Cholesterol-Lowering Therapy May Hinder Aggressive Type of Colorectal Tumor

Hard-to-detect colorectal pre-cancerous lesions known as serrated polyps, and the aggressive tumors that develop from them, depend heavily on the ramped-up production of cholesterol, according to a preclinical study from researchers at Weill Cornell Medicine.

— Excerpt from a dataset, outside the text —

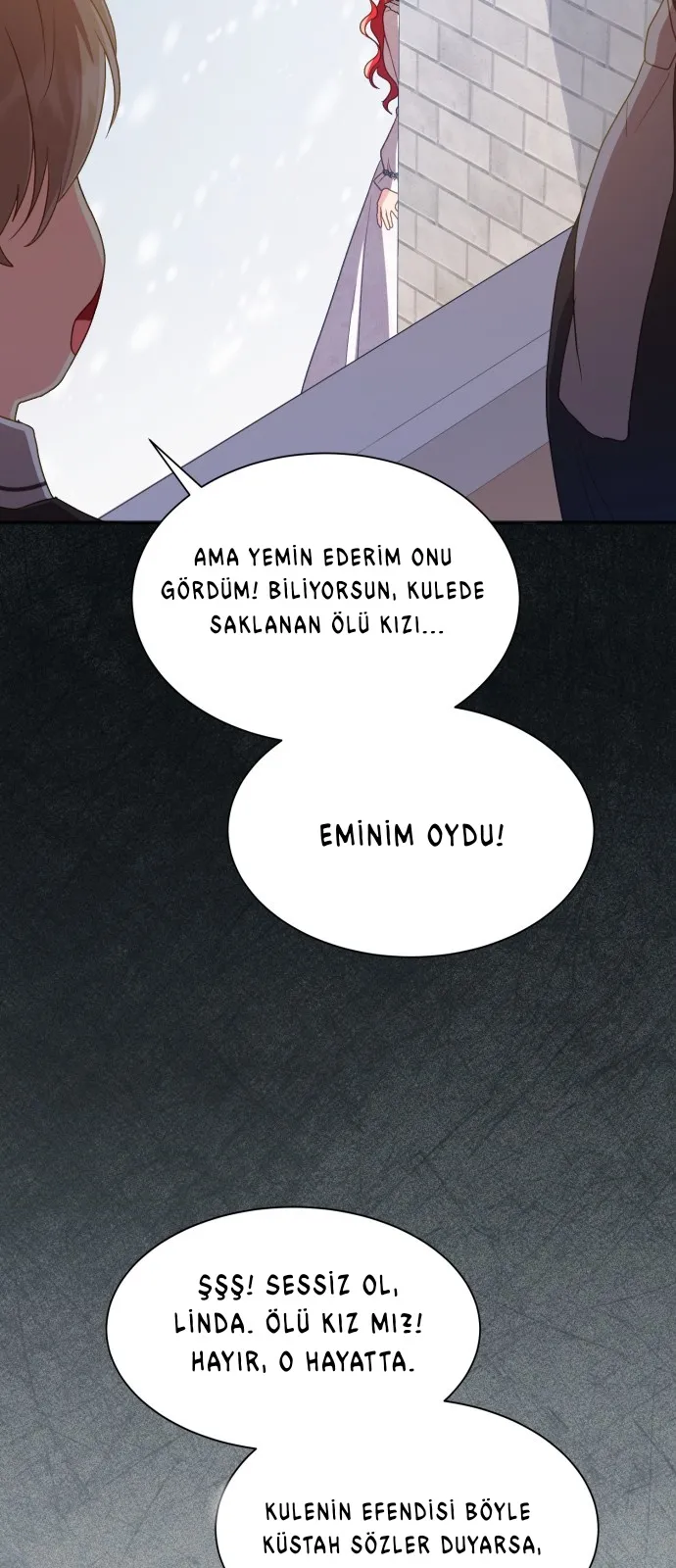 NDgwMUpOTlJBVkMzNjhGTQ.rcOqk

The finding points to the possibility of using cholesterol-lowering drugs to prevent or treat such tumors.

In the study, published in Nature Communications, the researchers analyzed mice that develop serrated polyps and tumors, detailing the chain of molecular events in these tissues that leads to increased cholesterol production.

They confirmed their findings in analyses of human serrated polyps and tumors, and showed in mouse models that replicate the human cancer that blocking cholesterol production prevented the progression of these types of intestinal tumors.

Cholesterol is generally considered a pro-growth molecule, being a building block for cell membranes and having other growth-supporting functions. Prior studies have linked high blood cholesterol levels to various cancers, including colorectal cancers.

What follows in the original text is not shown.